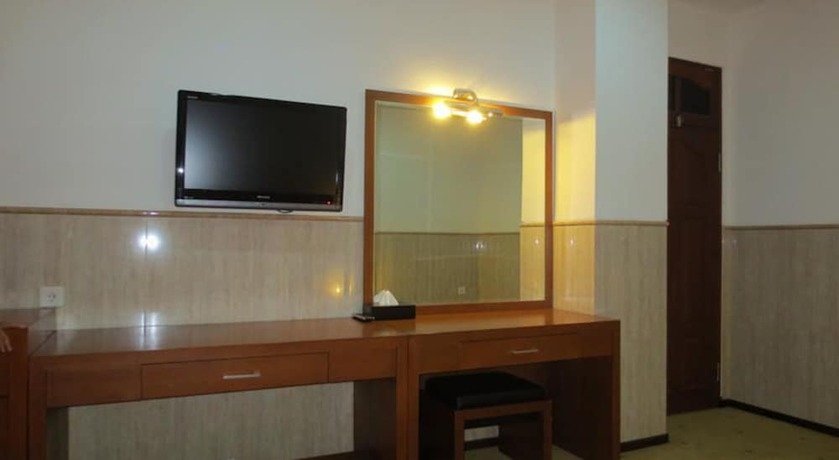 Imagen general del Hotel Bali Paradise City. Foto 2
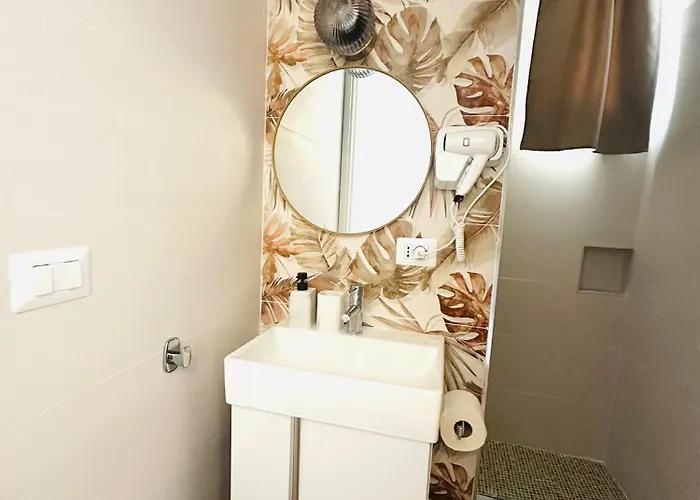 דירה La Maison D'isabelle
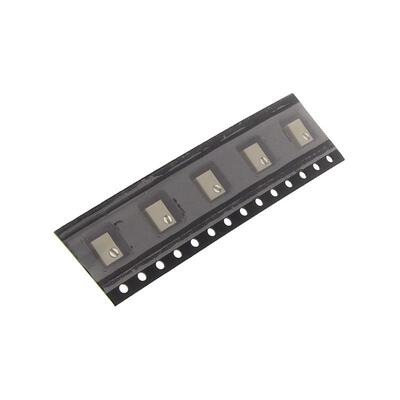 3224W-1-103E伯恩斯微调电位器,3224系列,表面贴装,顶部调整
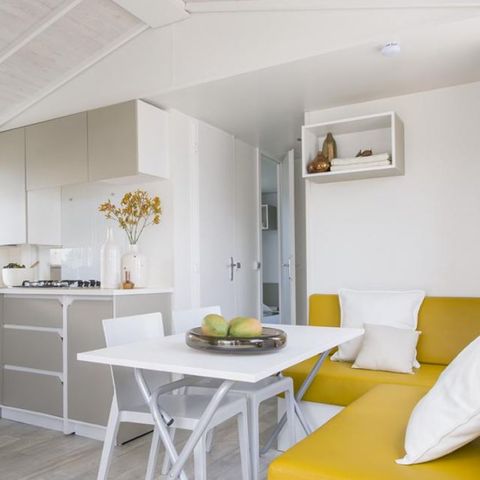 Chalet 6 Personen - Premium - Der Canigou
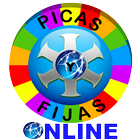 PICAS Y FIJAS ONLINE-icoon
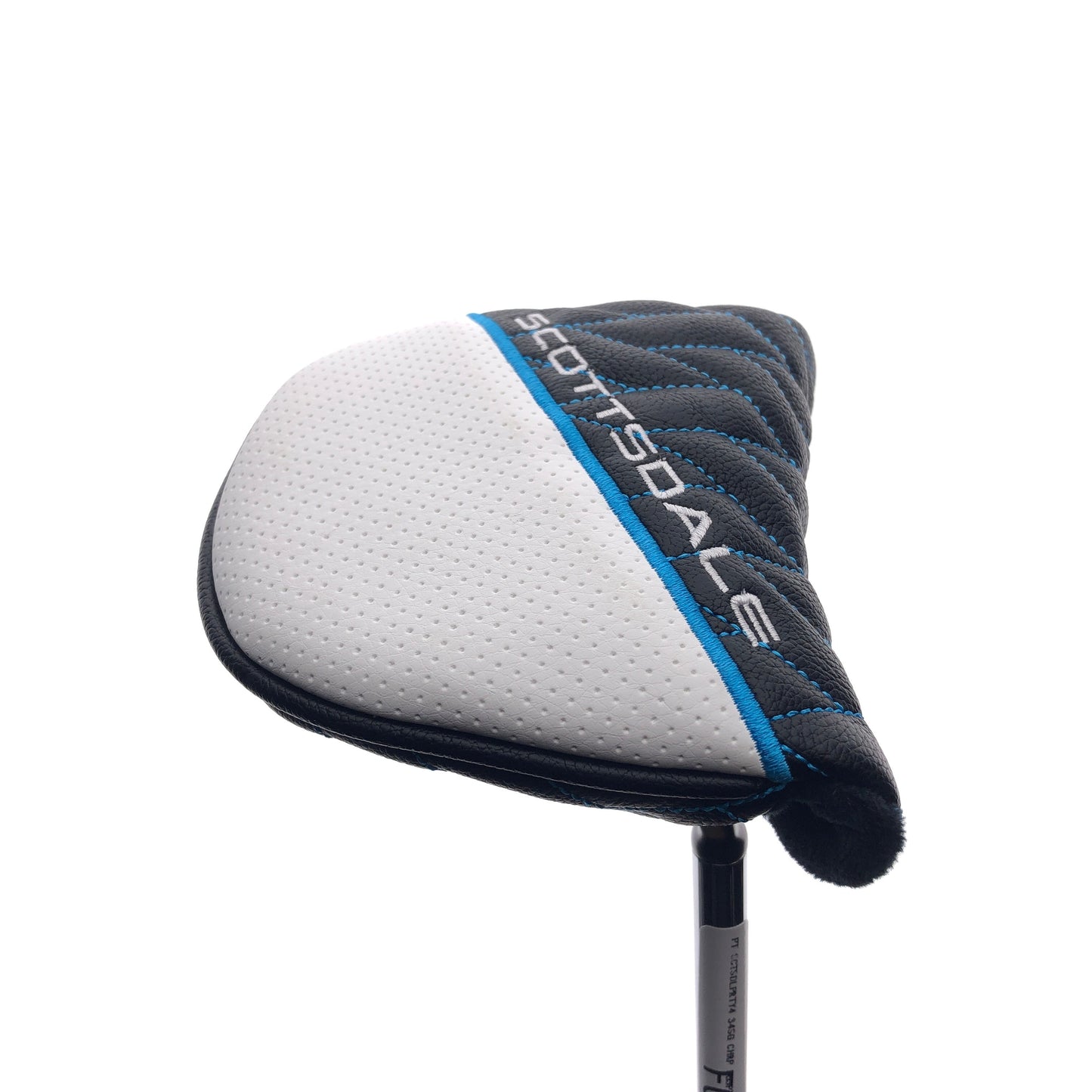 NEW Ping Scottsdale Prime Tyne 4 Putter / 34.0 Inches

※ ※ ※

Beginning with the line that contains "Chalet 6 Personen - Premium - Der Canigou", write out the remaining lines of the listing above through the last, exactly and only those, without pictures.

 Chalet 6 Personen - Premium - Der Canigou
 PICAS Y FIJAS ONLINE-icoon
 NEW Ping Scottsdale Prime Tyne 4 Putter / 34.0 Inches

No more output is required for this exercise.